In order to examine the possibility of detecting HVR recombinant sequences, we employed several recombination detection methods, such as Bootscan, Chimaera, Geneconv, MaxChi, RDP, and SiScan, as implemented in the program RDP2 2b08 [30], using the automated scan option, and 1,000 permutations and 1,000 bootstrap replicates where applicable.

We tried to detect changes in base composition across sequences by plotting the relative compositions of individual bases, purines, and pyrimidines across all haplotypes, using a sliding window of 50 bp and a step of 10 bp in Treefinder [31].

The substitution model suggested by MrModeltest 2.2 [32] in conjunction with PAUP* 4b10 [33] using Akaike's Information Criterion (AIC) [34] was the general time-reversible model [35–37] with substitution rates following a Γ-distribution (GTR+Γ_{4}) with shape parameter α = 0.3732.

Bayesian inference (BI) of phylogeny was performed for all haplotypes of the short alignment in MrBayes 3.1.2 [38, 39] on a 9-node dual G5 processor (2.0 GHz, 18 GB RAM) XServe cluster at AMNH, using the model suggested by MrModeltest (GTR+Γ, with a flat prior on base frequencies following a Dirichlet distribution and six rate categories). Two simultaneous analyses were run for 10^{7} generations each, on two separate occasions, starting from different random trees, and the resulting trees were saved every 1000 generations. One "cold" and three "heated" chains were run with heating scheme fine-tuning; temperature parameters ranging from 2 to 0.03 were used and the latter was chosen, as it was leading to better mixing. The heat applied to all chains except for the "cold" one, was 0.97, 0.94, and 0.92, respectively. Successful chain swaps were in the range of 33–75%. Following visual inspection in Tracer 1.3 [40], stationarity of the Ln-likelihood (i.e. the Ln-probability of the data given the parameter values) was reached before 10^{6} generations. Similarly, we examined the average standard deviation of split frequencies and confirmed it approached zero (0.003418), indicating a satisfactory run length. Subsequently, the first 1,000 trees were discarded as burn-in and a 50% majority-rule consensus tree [41] was built with 18,002 optimal trees. The proportion of resulting trees presenting a given clade, in other words, the posterior probability of this clade, represents clade support in a Bayesian phylogenetic analysis [42].

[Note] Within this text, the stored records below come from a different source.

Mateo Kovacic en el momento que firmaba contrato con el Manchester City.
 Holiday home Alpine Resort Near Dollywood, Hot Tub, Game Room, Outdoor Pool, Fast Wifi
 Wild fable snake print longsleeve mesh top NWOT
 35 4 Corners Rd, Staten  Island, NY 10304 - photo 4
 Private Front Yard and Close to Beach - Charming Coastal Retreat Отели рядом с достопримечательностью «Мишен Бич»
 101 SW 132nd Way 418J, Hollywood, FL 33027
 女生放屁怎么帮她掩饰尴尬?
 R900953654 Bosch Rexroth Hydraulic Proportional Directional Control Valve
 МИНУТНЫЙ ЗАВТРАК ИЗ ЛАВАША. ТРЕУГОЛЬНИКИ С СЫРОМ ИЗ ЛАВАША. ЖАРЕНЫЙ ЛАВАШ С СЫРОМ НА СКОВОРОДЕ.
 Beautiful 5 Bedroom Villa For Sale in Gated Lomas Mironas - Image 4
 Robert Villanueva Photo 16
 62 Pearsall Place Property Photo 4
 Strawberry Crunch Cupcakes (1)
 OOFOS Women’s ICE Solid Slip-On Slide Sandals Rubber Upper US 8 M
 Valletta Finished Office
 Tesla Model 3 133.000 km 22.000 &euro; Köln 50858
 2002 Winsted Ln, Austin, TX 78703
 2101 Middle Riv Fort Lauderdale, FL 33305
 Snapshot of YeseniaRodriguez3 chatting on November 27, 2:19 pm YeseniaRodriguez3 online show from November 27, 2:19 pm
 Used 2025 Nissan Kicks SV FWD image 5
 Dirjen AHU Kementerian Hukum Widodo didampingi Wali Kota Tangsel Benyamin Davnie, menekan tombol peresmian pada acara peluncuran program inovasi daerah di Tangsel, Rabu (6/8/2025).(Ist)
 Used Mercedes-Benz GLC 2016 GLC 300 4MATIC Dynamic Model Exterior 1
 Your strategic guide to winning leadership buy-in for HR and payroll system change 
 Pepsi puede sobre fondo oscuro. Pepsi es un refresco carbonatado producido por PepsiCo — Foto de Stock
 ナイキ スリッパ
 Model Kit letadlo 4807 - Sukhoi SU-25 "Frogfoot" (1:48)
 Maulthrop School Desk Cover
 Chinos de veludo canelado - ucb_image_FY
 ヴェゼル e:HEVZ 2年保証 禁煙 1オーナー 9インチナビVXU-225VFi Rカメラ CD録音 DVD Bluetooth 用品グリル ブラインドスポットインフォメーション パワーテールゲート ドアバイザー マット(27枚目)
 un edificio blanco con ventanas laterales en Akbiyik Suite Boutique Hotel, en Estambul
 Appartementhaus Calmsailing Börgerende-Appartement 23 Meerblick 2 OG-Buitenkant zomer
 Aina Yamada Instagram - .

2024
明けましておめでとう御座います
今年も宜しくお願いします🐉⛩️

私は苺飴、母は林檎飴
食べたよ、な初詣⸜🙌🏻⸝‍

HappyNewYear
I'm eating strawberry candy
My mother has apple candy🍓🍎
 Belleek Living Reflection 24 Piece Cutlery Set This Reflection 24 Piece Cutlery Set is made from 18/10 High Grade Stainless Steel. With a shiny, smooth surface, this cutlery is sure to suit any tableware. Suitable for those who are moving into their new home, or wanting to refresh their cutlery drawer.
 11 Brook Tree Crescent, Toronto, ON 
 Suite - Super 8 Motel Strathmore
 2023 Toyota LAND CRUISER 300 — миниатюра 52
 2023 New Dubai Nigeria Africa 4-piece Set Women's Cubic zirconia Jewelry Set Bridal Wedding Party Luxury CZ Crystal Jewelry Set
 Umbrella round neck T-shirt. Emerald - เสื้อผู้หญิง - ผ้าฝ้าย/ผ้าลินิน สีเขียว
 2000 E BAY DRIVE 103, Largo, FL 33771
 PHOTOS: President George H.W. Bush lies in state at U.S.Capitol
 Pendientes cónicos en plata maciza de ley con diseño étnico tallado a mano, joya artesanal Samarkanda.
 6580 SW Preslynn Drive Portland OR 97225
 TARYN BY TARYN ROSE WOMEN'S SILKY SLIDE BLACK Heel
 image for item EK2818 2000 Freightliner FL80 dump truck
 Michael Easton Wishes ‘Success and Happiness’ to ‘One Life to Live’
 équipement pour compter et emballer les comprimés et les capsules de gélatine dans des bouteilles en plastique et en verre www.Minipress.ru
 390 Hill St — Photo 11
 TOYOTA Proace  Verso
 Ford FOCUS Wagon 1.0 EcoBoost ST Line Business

Phylogeny was also estimated in a maximum likelihood (ML) framework in Treefinder using the GTR+Γ_{4} model. Approximate bootstrap support was estimated by applying the Shimodaira-Hasegawa (SH) test with RELL approximation [43] to all local rearrangements around an edge on the topology (also referred to as edge support or LRSH) and 50,000 replicates. For every edge on the tree, all its adjacent branch nearest-neighbor interchanges are computed and edge lengths are re-estimated by fixing all other parameters, and finally the SH test is applied. LRSH support values are the complement of the worst *p* -values from the SH test. A support value of 99 means this clade is significant at the 0.01 level, a value of 95 at the 0.05 level, and so on.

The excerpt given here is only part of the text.